Published February 1, 2005 - More info
Horace Freeland Judson. The great betrayal Fraud in science. 2004. Harcourt Inc. Orlando, Florida, USA. 480 pp. $28.00. ISBN: 0-151-00877-9 (hardcover).
Horace Judson’s new historical commentary, The great betrayal: fraud in science, is a stimulating and thoughtful book for readers interested in science, publication ethics, and research misconduct. He writes with his typical flair, drawing on interviews with famous scientists. His premise is that scrutiny of the nature of fraud and other misconduct will reach to the pulse of what the sciences are and what scientists do. The book offers little, however, for readers whose principal interest is clinical research. Judson is a respected modern historian of science, perhaps best known for his history of molecular biology, The eighth day of creation: makers of the revolution in biology (S1). Most of the citations in this new book precede 1996, except for references to stories of misconduct among businessmen, historians, and journalists that have filled the press since 2000. In fact, the 35 “Recent Cases” are almost the same set of cases (late 1800s-late 1900s) previously described in Betrayers of the truth (S2) and False prophets (S3), neither of which is referenced in this new book. The newest cases cited in Judson’s book involve major scandals in a German and an American laboratory, heavily covered in the recent science press. Nonetheless, Judson does profitably draw on the classical cases noted in these earlier books, drawing analogies with cases of scientific fraud during the past decade.

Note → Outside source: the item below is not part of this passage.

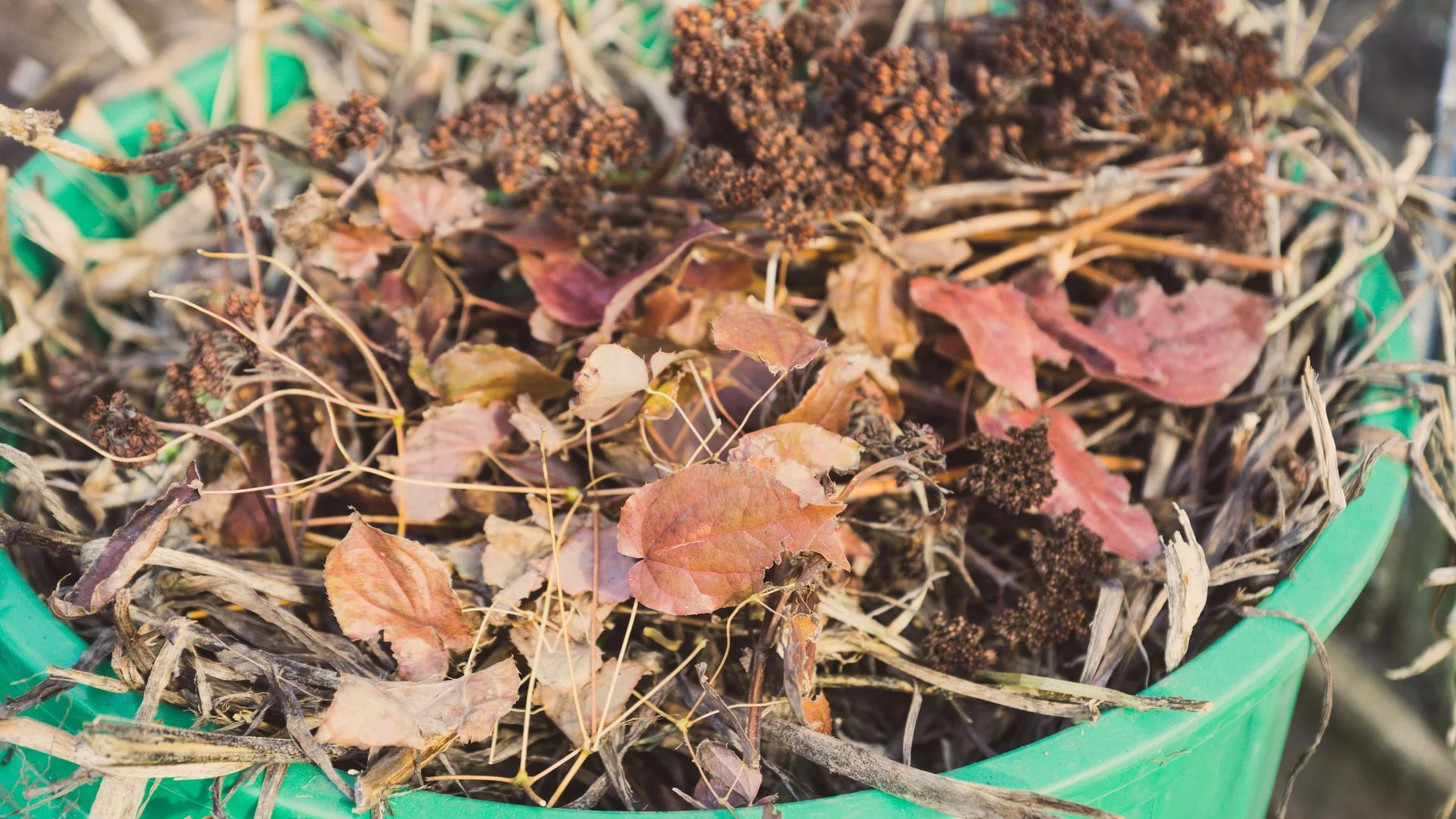 What Is a Fall Yard Cleanup Service?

Also missing is a discussion of the findings of scientific misconduct in clinical cases made between 1992 and 2004 by the Office of Research Integrity (ORI), part of the United States Public Health Service (PHS) in the Department of Health and Human Services (HHS), which would have been of interest to JCI readers. About 40 of the 150 findings have involved clinical or related nonclinical research with human subjects (S4, S5). The only such case described by Judson is a clinical trial on the use of mastectomy versus lumpectomy to treat breast cancer, conducted at St. Luc’s Hospital, Montreal, and coordinated by the University of Pittsburgh, in which the investigator falsified records to make more patients eligible for the study.
However, Judson includes a long, solid chapter on “The Baltimore Affair,” dealing with the allegations of falsification of data on the part of a Massachusetts Institute of Technology scientist and the overturning of the ORI’s 1994 finding against her in 1996 by the HHS appeals board. This case had been discussed in detail in 2 previous books, Science on trial: the whistle blower, the accused, and the Nobel laureate (S6), and The Baltimore case: a trial of politics, science, and character (S7), which also are not cited in Judson’s new book. To his credit, Judson personally reviewed records and interviewed witnesses, describing both in much the same style as he used in The eighth day of creation (S1), which makes the new book a fascinating read.

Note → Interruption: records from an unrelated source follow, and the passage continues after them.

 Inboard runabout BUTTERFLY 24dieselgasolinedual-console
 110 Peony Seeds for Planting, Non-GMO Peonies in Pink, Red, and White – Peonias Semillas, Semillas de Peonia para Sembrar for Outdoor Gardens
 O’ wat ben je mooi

Also striking is Judson’s initial chapter, “A Culture of Fraud,” describing public cases of fraud by businessmen, social scientists, clergy, and others. The conclusion is obvious: a few scientists are likely no better and no worse than the few members of the general population who are crooks and charlatans. His epilogue includes a plea to restore high standards to the conduct of scientific research.
Several interesting chapters, titled “The problems of peer review,” “Authorship, ownership: problems of credit, plagiarism, and intellectual property,” and “Laboratory to law: the problems of institutions when misconduct is charged” will be enlightening and challenging to readers who deal with such problems and try to teach students how to avoid them in the responsible conduct of research. Judson examines self-governance in science and whether officials, editors, and peers can deal effectively, without conflicts of interest, with deviations from appropriate standards in conducting, reporting, and reviewing research. He focuses as well on the important role of whistle-blowers or complainants in challenging some reports for reasons of integrity. Judson’s book is accurate and timely, in that in 2000, the US Office of Science and Technology developed a uniform policy for dealing with allegations and investigations for all federal agencies. Each agency has since been publishing new policies or regulations; the revised HHS regulation should soon be finalized. In response, universities, research hospitals, and institutes are updating their policies and procedures, at least to address the federal government’s new definition: “Research misconduct is defined as fabrication, falsification, or plagiarism in proposing, performing, or reviewing research, or in reporting research results . . . [A] finding . . . requires that: there be a significant departure from accepted practices of the relevant research community; and the misconduct be committed intentionally, or knowingly, or recklessly; and the allegation be proven by a preponderance of evidence.” Judson has provided a nice history of the public debate over this definition through the 1990s and the creation of the ORI. His book accomplishes its goal, to describe and analyze the history of fraud in science and its impact on the scientific and public communities, and he examines what contributes to fraud. The book is recommended to readers interested in fundamental research ethics and their historical and political context in the new millennium.
This review represents the personal views of the author and not necessarily any position of the ORI, PHS, or HHS.
References are available online with this article; doi:10.1172/JCI200524343DS1.